Sep 9, 2021, 08:45 AM

Storyblocks_UIUC_CITLwebsitebanner_squareHave you ever scoured the internet for a free stock image or video, found the perfect one, then tried to download it only to discover that it’s not free? 

That frustration is now a thing of the past thanks to the University of Illinois’ new Storyblocks subscription, which gives faculty and staff across campus unlimited access to the company’s huge collection of high-quality video, audio, and image files.  

“It’s a huge repository, the applications are endless, and you don’t have to be a media pro to use” it, said Bob Dignan, associate director of Instructional Media Resources (IMR) at the Center for Innovation in Teaching & Learning (CITL)

The subscription will be a game-changer for the university when it comes to producing creative content, according to Todd Wilson, director of special projects for Public Affairs

“We think Storyblocks will save money for the campus, raise the quality of videos made in the units, and increase the number of videos that promote Illinois and its programs,” Wilson said. “We’re really grateful to Chancellor Jones for seeing the value of it and supporting us with funding through the Office of Strategic Marketing and Branding. They’ve been great supporters of the campus-wide license, as well, because it will contribute to the consistency in look, feel, and messaging that they’re trying to build.” 

Storyblocks is the first and largest subscription-based stock video service that offers unlimited access to more than 1.5 million photo, audio, and video files for commercial or personal use. Because all of the content is royalty-free, you can use any downloaded material in perpetuity, even if your subscription expires. 

National Geographic, NBC, History Channel, A&E, and MTV are among the 150,000-plus businesses worldwide that use and contribute content to Storyblocks. 

And if you need videos of the University of Illinois, Wilson said Public Affairs is rolling out the Illinois Video Database this month. Faculty and staff can find high-quality stock video of campus taken by Video Services’ award-winning videographers and producers and download them for free. 

Links to the Illinois Video Database and Storyblocks will be available on the Public Affairs’ Video Services and Resources webpages. 

The Office of the Chancellor approved purchasing an enterprise subscription for faculty and staff this summer. The application is now integrated with the campus single sign-on (Shibboleth), so users can access the platform by going to Storyblocks.com and entering their @illinois.edu email address. 

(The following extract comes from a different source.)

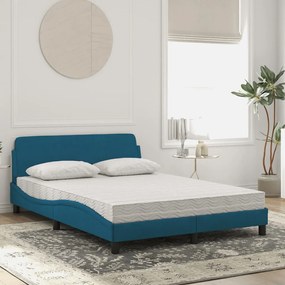 vidaXL Κρεβάτι με Στρώμα Dover Μπλε 140x190 εκ. Βελούδινο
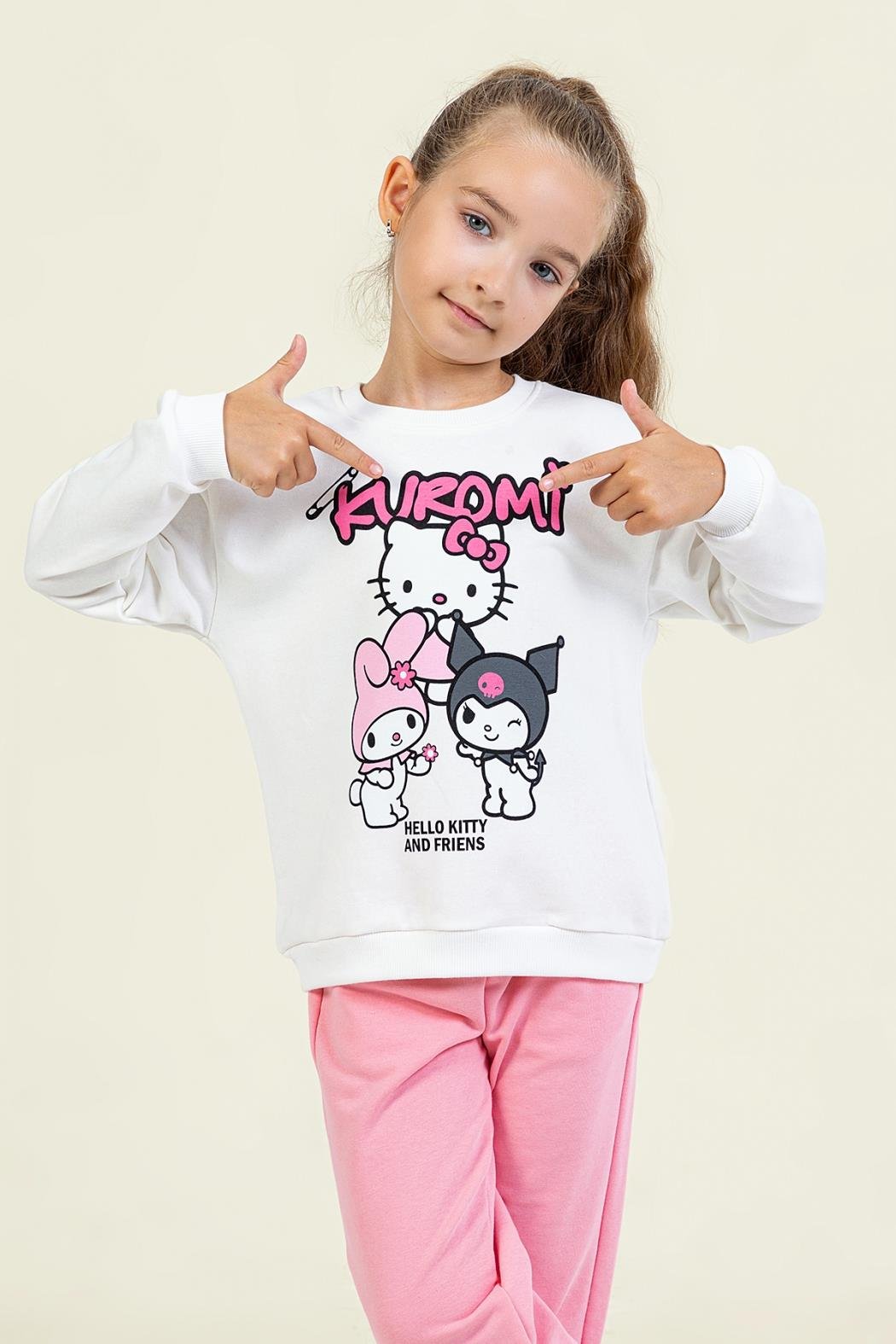 Dmb Kız Çocuk Kuromi Eşofman Takım 3-8 Yaş Ekru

“If you’re a staff or faculty member, you’re passed through to our campus enterprise subscription and can begin to download resources,” Wilson said. 

Wilson said the subscription does not include students at this time. While student employees can use resources for projects related to their campus job, he said they can’t download materials themselves or use the resources for class or personal projects. 

Training for different user groups will be offered throughout the 2021-22 year. Dignan said CITL is creating asynchronous instructional videos for faculty, teaching assistants, and eLearning professionals and plans to host several events “to help prime the pump (for instructions) and show them how they might use these resources in their teaching.” 

Wilson said Public Affairs will introduce the service to the Campus Videographers group this month. 

We’ll “record the trainings we do there and then send the video to our campus communicator lists,” he said, adding communicators will also have access to CITL’s video archive. 

“You’ll be hearing more about it,” Wilson assured. “I hope a lot of folks will find that Storyblocks gives them a chance to do some really creative marketing or to create truly engaging instructional materials.”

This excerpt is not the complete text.